# THE TASK:
Print all the records exactly, please.

Records contained in a dataset
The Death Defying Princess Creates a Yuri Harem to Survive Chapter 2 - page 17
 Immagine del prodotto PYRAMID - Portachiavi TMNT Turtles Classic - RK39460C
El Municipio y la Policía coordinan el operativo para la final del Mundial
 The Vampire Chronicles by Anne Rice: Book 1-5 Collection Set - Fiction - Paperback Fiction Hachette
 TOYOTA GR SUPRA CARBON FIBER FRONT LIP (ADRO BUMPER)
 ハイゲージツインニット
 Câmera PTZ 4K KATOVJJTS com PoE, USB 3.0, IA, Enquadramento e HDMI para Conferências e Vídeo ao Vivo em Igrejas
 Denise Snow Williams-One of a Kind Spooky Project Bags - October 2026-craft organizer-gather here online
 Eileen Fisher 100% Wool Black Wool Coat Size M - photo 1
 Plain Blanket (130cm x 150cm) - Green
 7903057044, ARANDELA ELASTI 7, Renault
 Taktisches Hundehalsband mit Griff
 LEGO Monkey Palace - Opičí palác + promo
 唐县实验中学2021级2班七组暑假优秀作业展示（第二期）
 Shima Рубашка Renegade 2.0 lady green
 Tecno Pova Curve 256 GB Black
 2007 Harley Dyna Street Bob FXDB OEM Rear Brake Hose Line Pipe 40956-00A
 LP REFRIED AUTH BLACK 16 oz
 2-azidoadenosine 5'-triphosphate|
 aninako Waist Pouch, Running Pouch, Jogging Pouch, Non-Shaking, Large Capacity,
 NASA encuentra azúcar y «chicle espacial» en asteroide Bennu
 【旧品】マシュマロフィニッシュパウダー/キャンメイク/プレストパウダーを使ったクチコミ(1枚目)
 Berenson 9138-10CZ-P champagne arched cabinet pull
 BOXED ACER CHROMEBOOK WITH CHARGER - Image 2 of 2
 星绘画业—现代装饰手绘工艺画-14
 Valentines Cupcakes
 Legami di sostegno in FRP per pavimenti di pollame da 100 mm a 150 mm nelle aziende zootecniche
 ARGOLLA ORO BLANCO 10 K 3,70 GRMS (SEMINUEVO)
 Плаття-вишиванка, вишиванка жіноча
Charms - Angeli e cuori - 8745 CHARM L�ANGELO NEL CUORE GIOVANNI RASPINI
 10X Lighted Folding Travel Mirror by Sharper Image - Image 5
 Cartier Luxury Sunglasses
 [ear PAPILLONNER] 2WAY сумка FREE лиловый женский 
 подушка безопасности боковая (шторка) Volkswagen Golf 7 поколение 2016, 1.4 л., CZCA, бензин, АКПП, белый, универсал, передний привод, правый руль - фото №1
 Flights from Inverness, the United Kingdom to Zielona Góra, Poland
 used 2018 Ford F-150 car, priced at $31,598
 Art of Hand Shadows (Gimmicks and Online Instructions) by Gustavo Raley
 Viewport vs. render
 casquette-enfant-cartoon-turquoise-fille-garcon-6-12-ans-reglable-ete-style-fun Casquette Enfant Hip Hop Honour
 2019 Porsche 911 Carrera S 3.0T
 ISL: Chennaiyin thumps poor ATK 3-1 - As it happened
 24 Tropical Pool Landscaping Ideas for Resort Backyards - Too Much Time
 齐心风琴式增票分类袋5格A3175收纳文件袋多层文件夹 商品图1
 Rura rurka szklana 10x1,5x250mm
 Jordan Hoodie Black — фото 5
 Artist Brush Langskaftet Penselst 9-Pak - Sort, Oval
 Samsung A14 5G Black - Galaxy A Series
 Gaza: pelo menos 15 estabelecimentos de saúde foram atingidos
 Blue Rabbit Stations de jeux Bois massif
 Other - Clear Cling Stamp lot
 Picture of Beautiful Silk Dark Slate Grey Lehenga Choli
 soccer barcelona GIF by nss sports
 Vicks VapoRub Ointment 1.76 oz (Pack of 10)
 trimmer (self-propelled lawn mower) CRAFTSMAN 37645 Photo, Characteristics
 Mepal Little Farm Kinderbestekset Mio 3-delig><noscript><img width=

# TASK RESULT:
The Death Defying Princess Creates a Yuri Harem to Survive Chapter 2 - page 17
 Immagine del prodotto PYRAMID - Portachiavi TMNT Turtles Classic - RK39460C
El Municipio y la Policía coordinan el operativo para la final del Mundial
 The Vampire Chronicles by Anne Rice: Book 1-5 Collection Set - Fiction - Paperback Fiction Hachette
 TOYOTA GR SUPRA CARBON FIBER FRONT LIP (ADRO BUMPER)
 ハイゲージツインニット
 Câmera PTZ 4K KATOVJJTS com PoE, USB 3.0, IA, Enquadramento e HDMI para Conferências e Vídeo ao Vivo em Igrejas
 Denise Snow Williams-One of a Kind Spooky Project Bags - October 2026-craft organizer-gather here online
 Eileen Fisher 100% Wool Black Wool Coat Size M - photo 1
 Plain Blanket (130cm x 150cm) - Green
 7903057044, ARANDELA ELASTI 7, Renault
 Taktisches Hundehalsband mit Griff
 LEGO Monkey Palace - Opičí palác + promo
 唐县实验中学2021级2班七组暑假优秀作业展示（第二期）
 Shima Рубашка Renegade 2.0 lady green
 Tecno Pova Curve 256 GB Black
 2007 Harley Dyna Street Bob FXDB OEM Rear Brake Hose Line Pipe 40956-00A
 LP REFRIED AUTH BLACK 16 oz
 2-azidoadenosine 5'-triphosphate|
 aninako Waist Pouch, Running Pouch, Jogging Pouch, Non-Shaking, Large Capacity,
 NASA encuentra azúcar y «chicle espacial» en asteroide Bennu
 【旧品】マシュマロフィニッシュパウダー/キャンメイク/プレストパウダーを使ったクチコミ(1枚目)
 Berenson 9138-10CZ-P champagne arched cabinet pull
 BOXED ACER CHROMEBOOK WITH CHARGER - Image 2 of 2
 星绘画业—现代装饰手绘工艺画-14
 Valentines Cupcakes
 Legami di sostegno in FRP per pavimenti di pollame da 100 mm a 150 mm nelle aziende zootecniche
 ARGOLLA ORO BLANCO 10 K 3,70 GRMS (SEMINUEVO)
 Плаття-вишиванка, вишиванка жіноча
Charms - Angeli e cuori - 8745 CHARM L�ANGELO NEL CUORE GIOVANNI RASPINI
 10X Lighted Folding Travel Mirror by Sharper Image - Image 5
 Cartier Luxury Sunglasses
 [ear PAPILLONNER] 2WAY сумка FREE лиловый женский 
 подушка безопасности боковая (шторка) Volkswagen Golf 7 поколение 2016, 1.4 л., CZCA, бензин, АКПП, белый, универсал, передний привод, правый руль - фото №1
 Flights from Inverness, the United Kingdom to Zielona Góra, Poland
 used 2018 Ford F-150 car, priced at $31,598
 Art of Hand Shadows (Gimmicks and Online Instructions) by Gustavo Raley
 Viewport vs. render
 casquette-enfant-cartoon-turquoise-fille-garcon-6-12-ans-reglable-ete-style-fun Casquette Enfant Hip Hop Honour
 2019 Porsche 911 Carrera S 3.0T
 ISL: Chennaiyin thumps poor ATK 3-1 - As it happened
 24 Tropical Pool Landscaping Ideas for Resort Backyards - Too Much Time
 齐心风琴式增票分类袋5格A3175收纳文件袋多层文件夹 商品图1
 Rura rurka szklana 10x1,5x250mm
 Jordan Hoodie Black — фото 5
 Artist Brush Langskaftet Penselst 9-Pak - Sort, Oval
 Samsung A14 5G Black - Galaxy A Series
 Gaza: pelo menos 15 estabelecimentos de saúde foram atingidos
 Blue Rabbit Stations de jeux Bois massif
 Other - Clear Cling Stamp lot
 Picture of Beautiful Silk Dark Slate Grey Lehenga Choli
 soccer barcelona GIF by nss sports
 Vicks VapoRub Ointment 1.76 oz (Pack of 10)
 trimmer (self-propelled lawn mower) CRAFTSMAN 37645 Photo, Characteristics
 Mepal Little Farm Kinderbestekset Mio 3-delig><noscript><img width=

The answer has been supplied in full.